## DATASET EXCERPTS
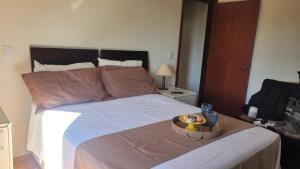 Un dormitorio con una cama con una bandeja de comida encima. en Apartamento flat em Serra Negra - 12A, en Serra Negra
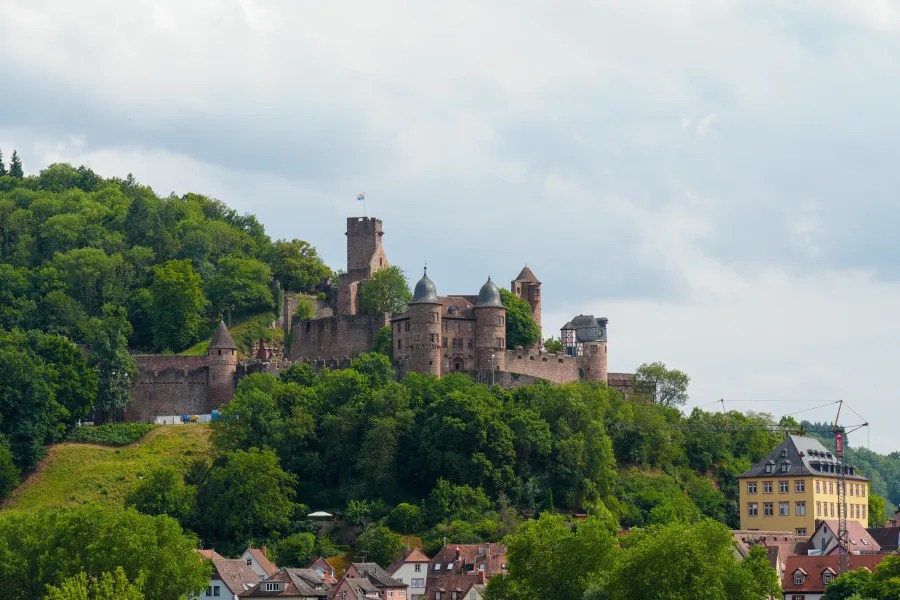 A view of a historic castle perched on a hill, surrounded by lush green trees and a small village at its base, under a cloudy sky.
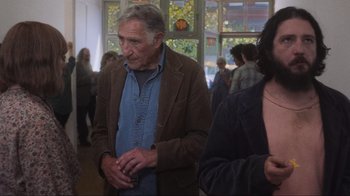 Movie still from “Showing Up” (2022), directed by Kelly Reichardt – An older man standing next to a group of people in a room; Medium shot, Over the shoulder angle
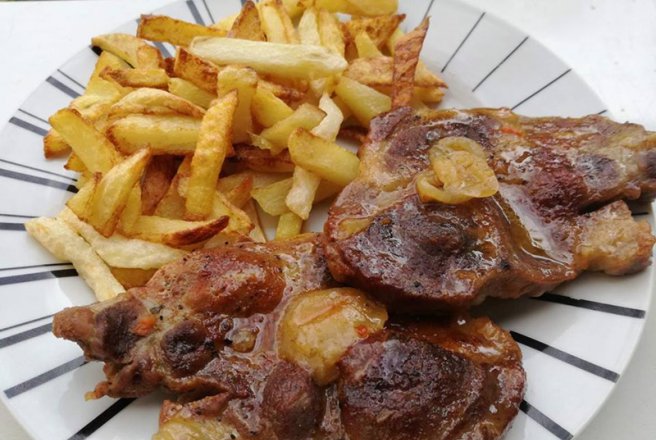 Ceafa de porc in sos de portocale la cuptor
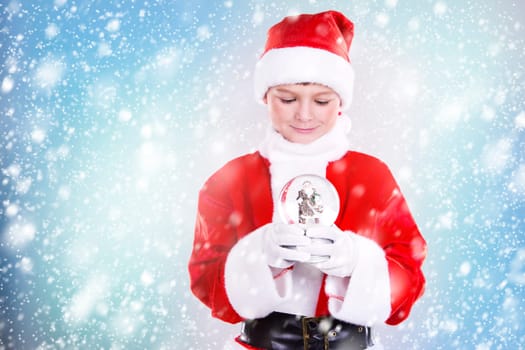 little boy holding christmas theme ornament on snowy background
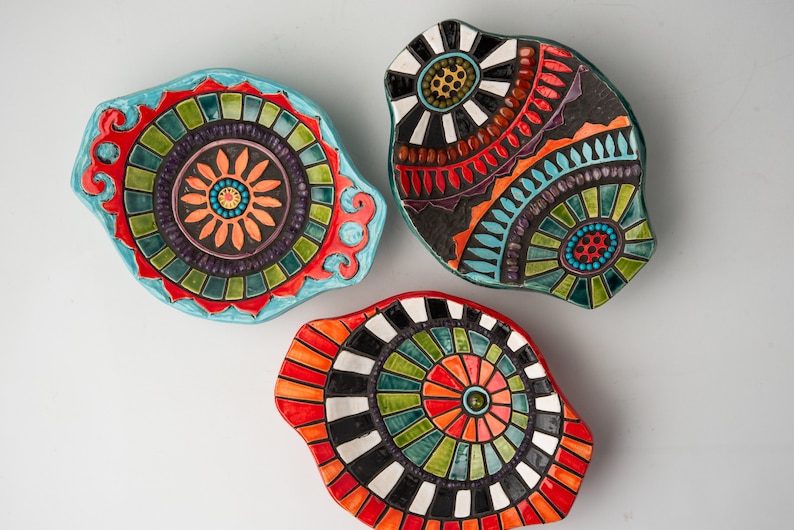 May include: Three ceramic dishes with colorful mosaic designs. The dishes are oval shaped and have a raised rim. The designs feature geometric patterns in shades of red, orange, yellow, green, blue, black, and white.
--
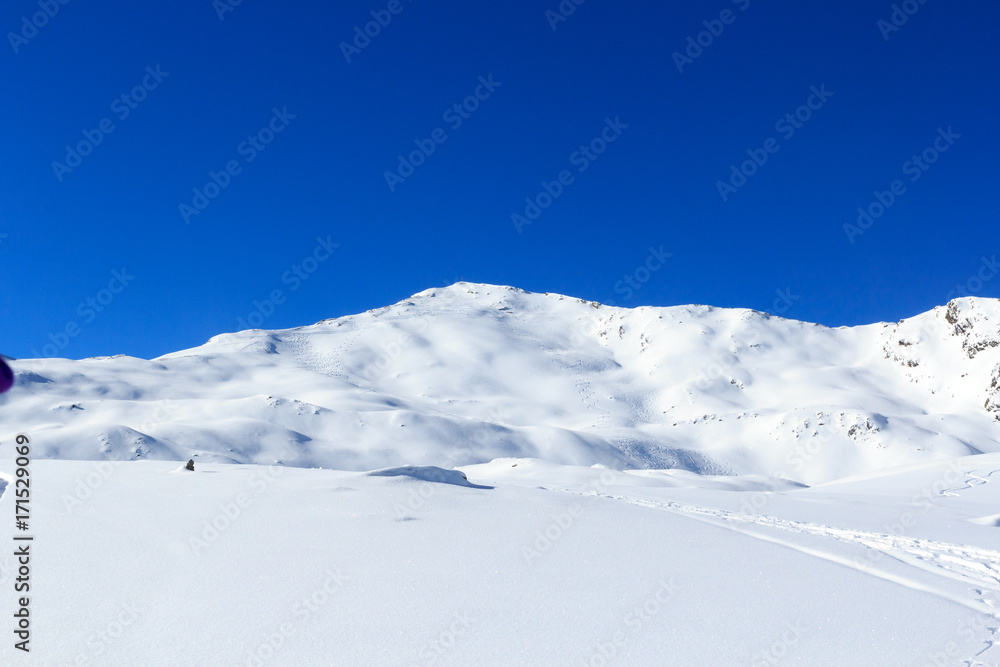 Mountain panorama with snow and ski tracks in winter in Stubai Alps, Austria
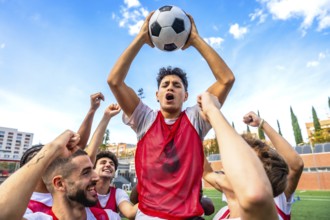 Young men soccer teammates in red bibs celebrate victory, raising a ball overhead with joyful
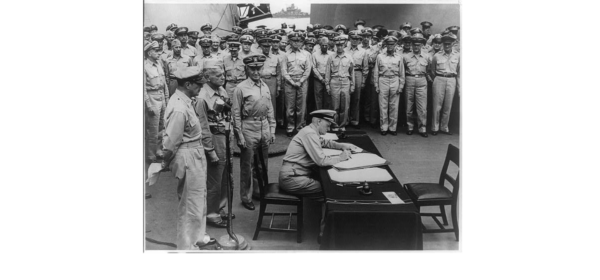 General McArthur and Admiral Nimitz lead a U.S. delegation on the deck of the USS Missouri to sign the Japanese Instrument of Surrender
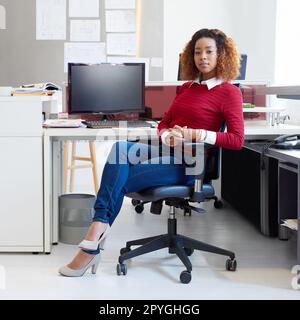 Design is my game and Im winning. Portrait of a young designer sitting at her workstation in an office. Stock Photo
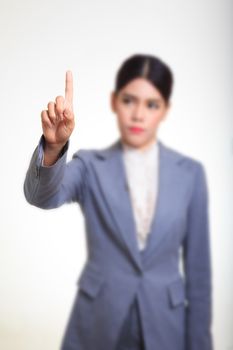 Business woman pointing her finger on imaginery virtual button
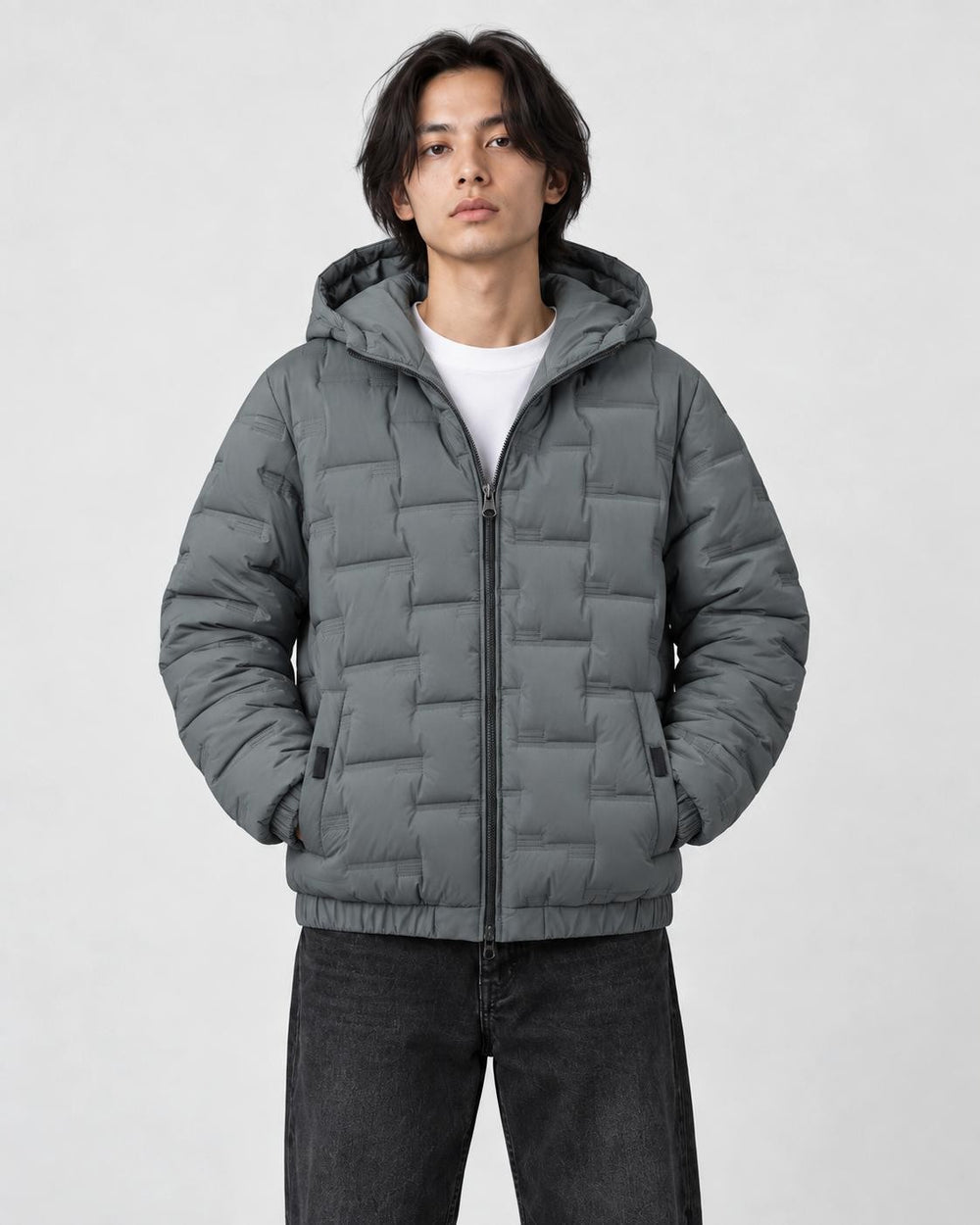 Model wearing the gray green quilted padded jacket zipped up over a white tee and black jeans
...
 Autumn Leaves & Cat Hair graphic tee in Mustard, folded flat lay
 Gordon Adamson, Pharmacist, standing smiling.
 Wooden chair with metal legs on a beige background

## ACTIVITY
Look above and copy only the lines from the one holding "Un dormitorio con" to the one holding "May include: Three", both included, exactly, minus the pictures.

## COMPLETED EXERCISE
 Un dormitorio con una cama con una bandeja de comida encima. en Apartamento flat em Serra Negra - 12A, en Serra Negra
 A view of a historic castle perched on a hill, surrounded by lush green trees and a small village at its base, under a cloudy sky.
 Movie still from “Showing Up” (2022), directed by Kelly Reichardt – An older man standing next to a group of people in a room; Medium shot, Over the shoulder angle
 Ceafa de porc in sos de portocale la cuptor
 little boy holding christmas theme ornament on snowy background
 May include: Three ceramic dishes with colorful mosaic designs. The dishes are oval shaped and have a raised rim. The designs feature geometric patterns in shades of red, orange, yellow, green, blue, black, and white.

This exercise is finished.